Castella is a popular Japanese sponge cake made of sugar, flour, eggs, and starch syrup. Often, condensed milk is added to give the cake a rich flavor. Here’s a simple recipe for a Condensed Milk Castella Cake:
Ingredients:
4 large eggs
150g (around 2/3 cup) granulated sugar
150g (around 2/3 cup) bread flour or cake flour (sifted)
2 tbsp honey (or starch syrup)
2 tbsp warm water
100g (around 1/3 cup) sweetened condensed milk
Instructions:
-Preparation: Preheat your oven to 160°C (325°F). Line an 8×8 inch (20×20 cm) square cake pan with parchment paper.
-Egg Mixture: In a large bowl, break the eggs and beat them lightly just enough to break the yolk.

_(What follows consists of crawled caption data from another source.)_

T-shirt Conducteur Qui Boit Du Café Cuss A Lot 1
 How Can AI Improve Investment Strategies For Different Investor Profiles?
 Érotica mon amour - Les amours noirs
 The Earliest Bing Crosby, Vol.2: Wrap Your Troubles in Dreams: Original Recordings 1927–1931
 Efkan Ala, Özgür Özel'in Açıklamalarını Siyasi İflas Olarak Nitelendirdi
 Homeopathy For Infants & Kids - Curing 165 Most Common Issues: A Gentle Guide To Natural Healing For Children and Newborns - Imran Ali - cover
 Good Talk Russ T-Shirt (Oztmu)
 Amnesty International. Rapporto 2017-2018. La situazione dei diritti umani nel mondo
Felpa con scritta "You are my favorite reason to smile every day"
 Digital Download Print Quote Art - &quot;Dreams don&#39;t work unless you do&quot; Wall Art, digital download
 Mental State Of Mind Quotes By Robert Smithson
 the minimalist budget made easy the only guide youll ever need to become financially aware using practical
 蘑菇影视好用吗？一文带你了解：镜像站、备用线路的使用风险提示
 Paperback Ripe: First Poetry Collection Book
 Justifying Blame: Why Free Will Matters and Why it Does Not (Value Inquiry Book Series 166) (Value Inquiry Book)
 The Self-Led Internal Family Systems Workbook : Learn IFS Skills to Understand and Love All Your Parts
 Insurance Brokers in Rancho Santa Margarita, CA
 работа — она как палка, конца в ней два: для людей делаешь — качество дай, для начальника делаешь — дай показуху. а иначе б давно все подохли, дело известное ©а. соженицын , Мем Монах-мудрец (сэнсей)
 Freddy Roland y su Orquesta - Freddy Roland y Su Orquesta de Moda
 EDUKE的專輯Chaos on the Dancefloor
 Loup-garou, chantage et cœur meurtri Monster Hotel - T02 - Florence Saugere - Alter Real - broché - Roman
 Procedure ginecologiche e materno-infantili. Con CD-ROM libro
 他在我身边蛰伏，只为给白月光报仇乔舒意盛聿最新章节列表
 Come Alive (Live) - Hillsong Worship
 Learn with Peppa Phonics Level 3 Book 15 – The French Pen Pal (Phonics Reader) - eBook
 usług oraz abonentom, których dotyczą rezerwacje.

-Heat the Egg Mixture: Over a double boiler, heat the egg mixture. Add sugar in increments while whisking, ensuring it’s dissolved before adding more. Warm the mixture until it reaches about 40°C (104°F) or when the sugar is fully dissolved.
-Mixing: Remove from heat and beat the egg mixture using a mixer on high speed. Beat until the mixture is thick, pale, and has tripled in volume. This might take about 5-7 minutes.
-Condensed Milk and Honey: In a separate bowl, mix the honey with warm water until fully dissolved. Add this to the sweetened condensed milk, mix well, and then add this mixture to the egg batter. Mix on a low speed until just combined.
-Flour: Fold in the sifted flour in three batches using a spatula. Ensure you don’t over-mix; otherwise, the cake may not rise properly.
-Pour and Bake: Pour the batter into the prepared cake pan, smoothing the top. Gently tap the pan on the counter a couple of times to remove any large air bubbles.
-Baking: Place the cake pan in the preheated oven and bake for 40-50 minutes or until a toothpick inserted into the center comes out clean. Depending on your oven, you may need to adjust the baking time slightly.
-Cooling: Once baked, tap the cake pan on the counter to prevent the cake from shrinking. Remove the cake from the pan and let it cool on a wire rack.
-Serve: Once cooled, slice the cake into desired pieces and serve. Castella is usually better the next day, as its flavors meld and deepen, but feel free to enjoy it as soon as it’s cooled if you prefer.
Enjoy your Condensed Milk Castella Cake with a cup of tea or coffee!